One thing Shannon hated was here early experience of trying to learn, because there were a lot of egos and elitism, particularly in infosec or open source. There was no place for beginners, particularly if those beginners were women. So she decided to provide that resource.

Starting your career

Regardless of what you want to do, the starting points are the same:

  • What do companies need? What are they hiring for?
    • Are there certifications?
    • Do you need them?
    • Are there more holders than jhobs, or is it the other way around?
    • Of course, you don’t need certs: Shannon doesn’t have them.
  • How has the industry changed over the years?
    • How is the industry changing - infosec is changing and growing.
    • For infosec, there is massive growth.
  • What are the diversity numbers?
    • The world is 50% women, yet only 11% of people employed in infosec are women. We need to do better.
    • Shannon hoipes that she will influence women to understand they can do this.
  • How can you provide a positive influence?
    • What do you want to learn and get good at?
    • How do you best learn?
      • Certs?
      • Read books? Go to classes? Watch videos?
    • Compile a list of things you care about.

Who influences you? Work out who influences you.

  • Follow their blogs, social media, etc.
  • Learn from your role models.
  • You may end up being a thought leader in their eyes one day!
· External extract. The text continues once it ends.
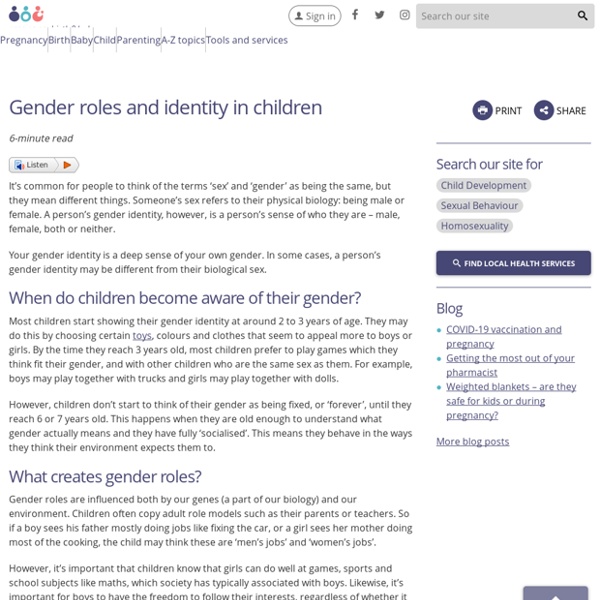 Gender roles and identity in children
Don’t just follow people directly in your career path; learn from people in many areas.

Always keep learning:

  • Block out time every day to learn something on your list.
  • Do it every day until it becomes a habit, a routine.
  • Never stop learning.

Building your business

  • Your resume should be positive: you didn’t “drop out”, you “went on hiatus”.
  • Create a one-pager.
  • Networking.
  • Business cards are still important.

Build your platform

  • Be an expert opinion on the topic.
  • What do you want to do with your platform?
  • Do speaking gigs, write articles, publish videos, answer forum questions, offer advice.
  • Use your platform for goos: offer complimentary sessions for under represented groups or students.
  • Don’t undersell yourself: take what you think you’re worth. And double it.

Building your brand

Personal branding leads to:

  • Interviews.
  • Job advances or positions.
  • Partnerships.
  • Sponsorships.
  • Opportunities!

Develop the building blocks of your brand:

  • Think about your values and beliefs.
    • How do you remain consistent with them?
  • What do you want to do in the near and far future?
  • Surround yourself with people who help with this.
  • Live by your vision statement.
  • Self-reflect.
    • Showcase your best self.
    • Understand your strengths and weaknesses.
    • Build a “tribe” who share the same values.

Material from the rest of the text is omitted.